▶ [Problem description] When you transcribe the listing that follows, keep every line exact and omit the pictures.

Exercise data section start

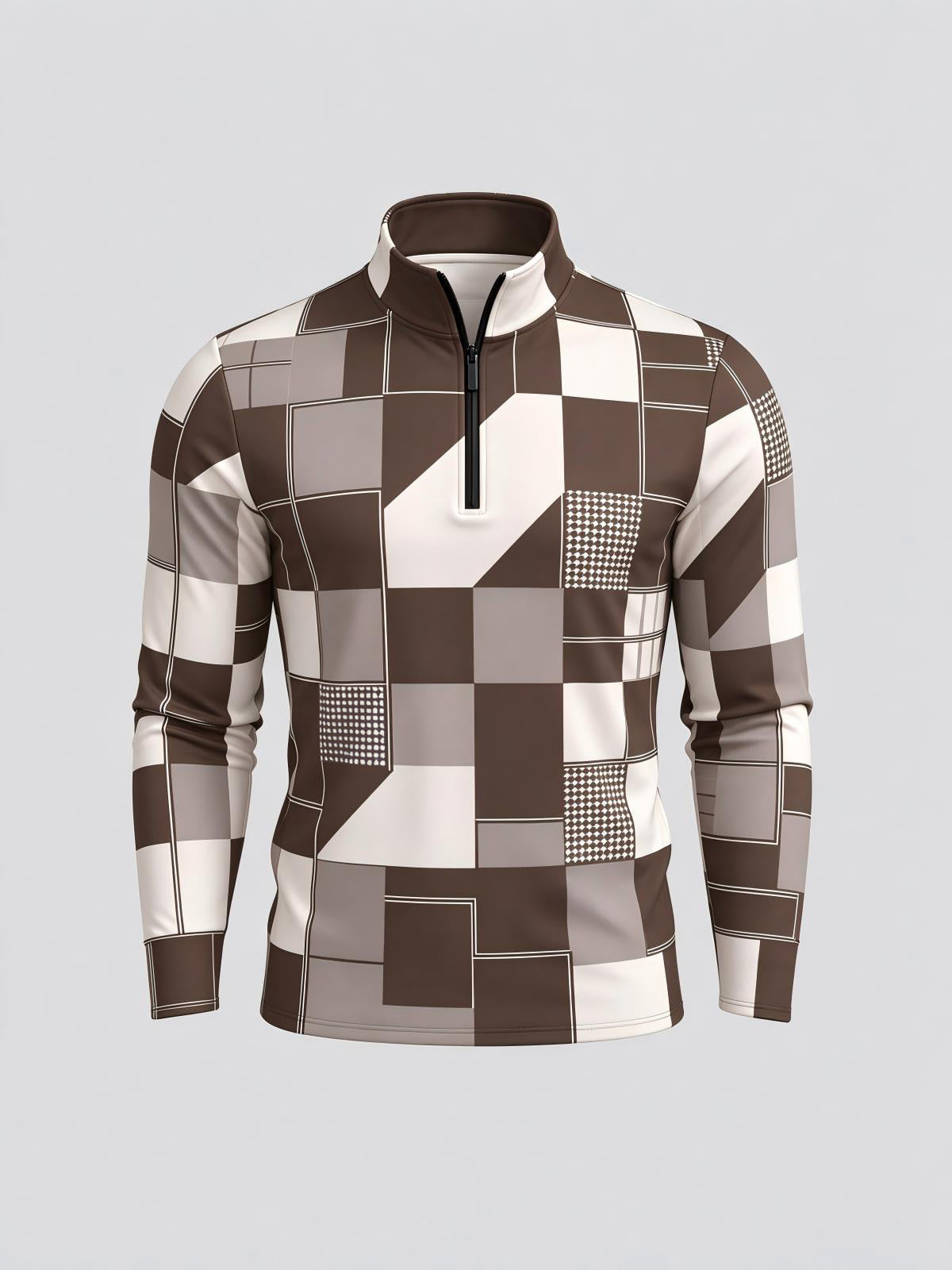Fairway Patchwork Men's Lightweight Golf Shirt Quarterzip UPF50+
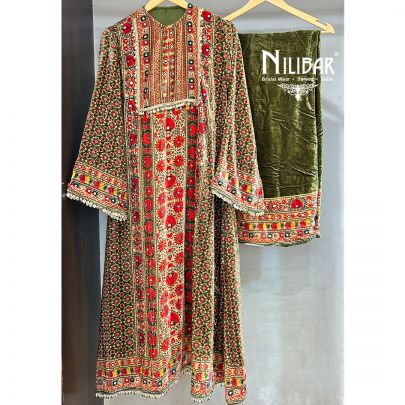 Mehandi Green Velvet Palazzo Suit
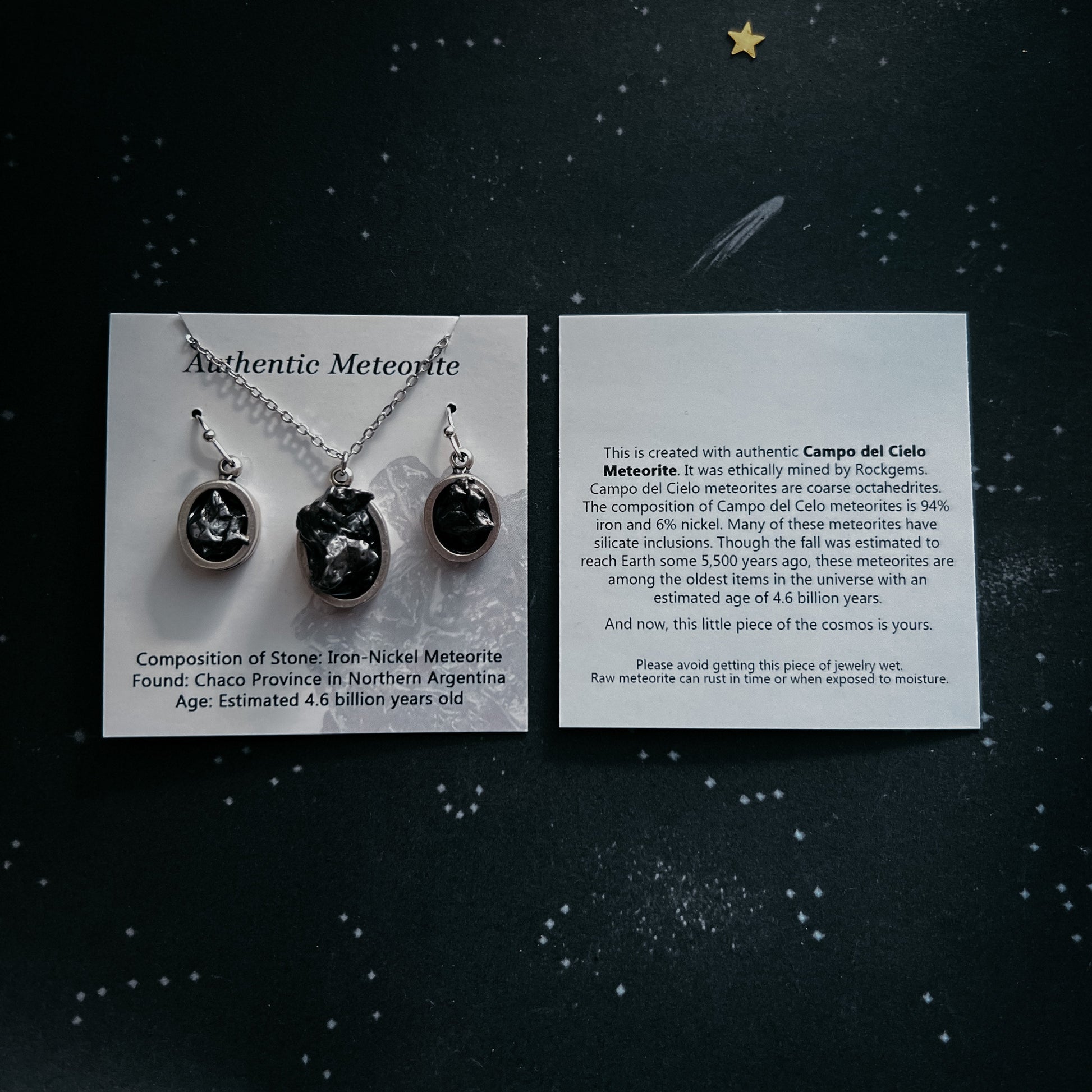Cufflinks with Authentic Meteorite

Exercise data section end

▶ [Response box]
Fairway Patchwork Men's Lightweight Golf Shirt Quarterzip UPF50+
 Mehandi Green Velvet Palazzo Suit
Cufflinks with Authentic Meteorite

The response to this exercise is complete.